人々の関心が高いホットなテーマをタイミングよく取り上げ、クールなTVコマーシャルに仕立て上げるという手法は、ここ数年の標準的な戦略になっているが、単に社会的、政治的理念に賛同するだけでは信用を得られないことに、ブランドは気づきはじめた。そのコマーシャルが確固とした洞察に基づいたものでなければ、ただ時流に乗ろうとしているだけであることが簡単にバレてしまうのだ。

また、場合によっては、まったくの善意による取り組みが完全に裏目に出ることもある。スターバックスのバリスタが人種についての会話を促そうとした試みを覚えているだろうか(東洋経済の記事)。

あらゆることが政治的な意味を帯びるようになったいま、ブランドとエージェンシーは、ごくわずかであっても政治的なことがらに触れたくないと考えている。

「この国(アメリカ)は、よくいえば葛藤、悪くいえば分裂している。このような時代の流れにうまく乗ることは簡単ではない」と、180 LAのジェルネール氏はいう。「それは、信じられないほど多くの文化的知識を動員し、この手のキャンペーンを手がけた経験をフルに活かして、信頼の獲得にフォーカスするという作業だ。そして、そうした作業をすべて行ってもなお、クライアント側は実際に実行するには一定の勇気を必要とする」。

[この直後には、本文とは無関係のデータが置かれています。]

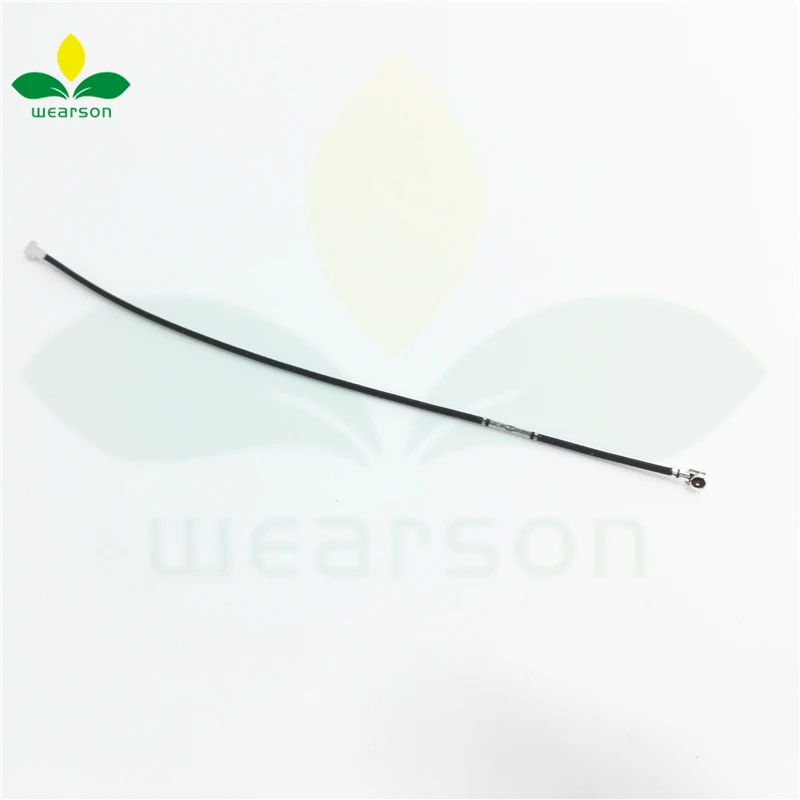 For Lenovo S850 Antenna 100% Original New S850 Signal Cable Free Shipping With Tracking Number (2)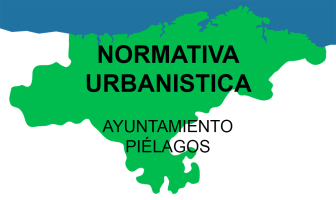AYUNTAMIENTO PILAGOS, NORMATIVA URBANISTICA - NORMAS SUBSIDIARIAS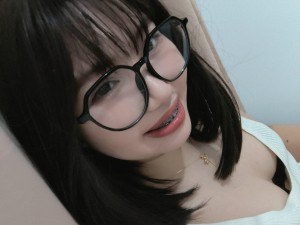 Mizaki Levi Photo #57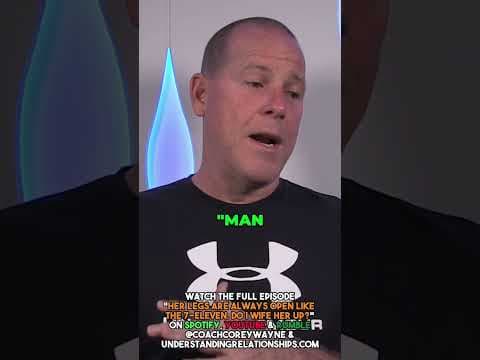 Broken Homes CAN'T Stop Your Growth! Here's How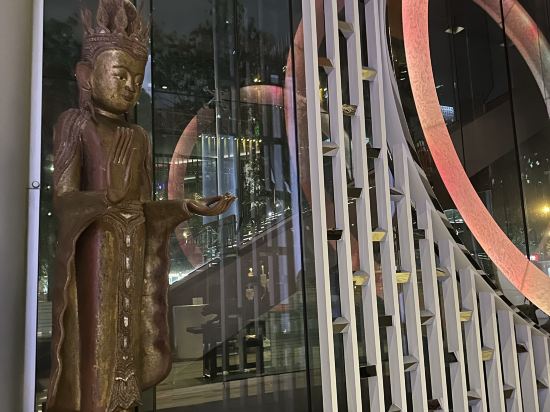 北京怡亨酒店優惠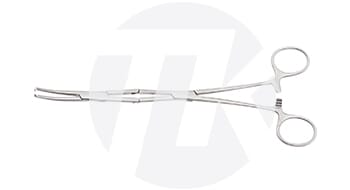 tk_24586-01-geb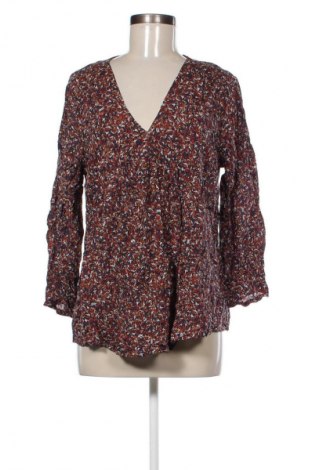 Dámská halenka Voila, Velikost L, Barva Vícebarevné, Cena  549,00 Kč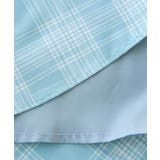 チェックボリュームスカート | ROPE' PICNIC | 詳細画像48 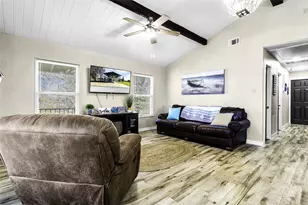 129 2nd Ave, Onalaska, TX 77360 - Photo 12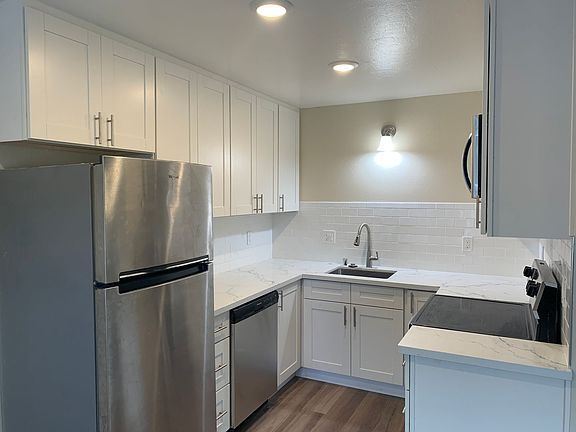 2nd image of 2769 Agate Dr APT 8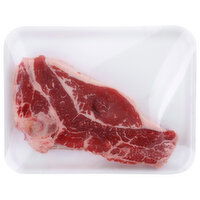 Slt Bi New York Strip - Avg 1.30 Lbs
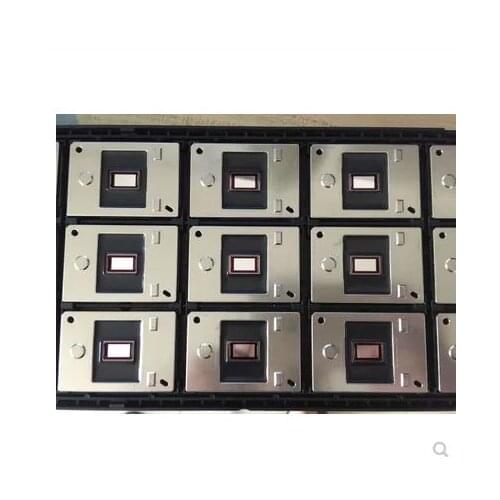 1pcs X 1910-6145W 1910-6145 1910 6145W DMD Free Shipping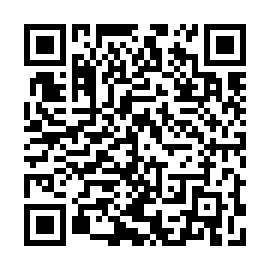 QR 0322ee8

多くのブランドは、こうしたキャンペーンが自分たちの利益にならないと考えはじめている。トラクションのクラインバーグ氏は最近、ある大手小売企業のクライアントと話をした。その企業のCMOは、キャンペーンで社会問題を取り上げようというクラインバーグ氏の提案に二の足を踏んだ。CMOによれば、そのブランドは「決して目立つことなく、どのような立場も採らないように」と意識的に取り組んでいるのだという。何らかの立場を公言すれば顧客の半分にそっぽを向かれる可能性がある、とそのCMOは述べた。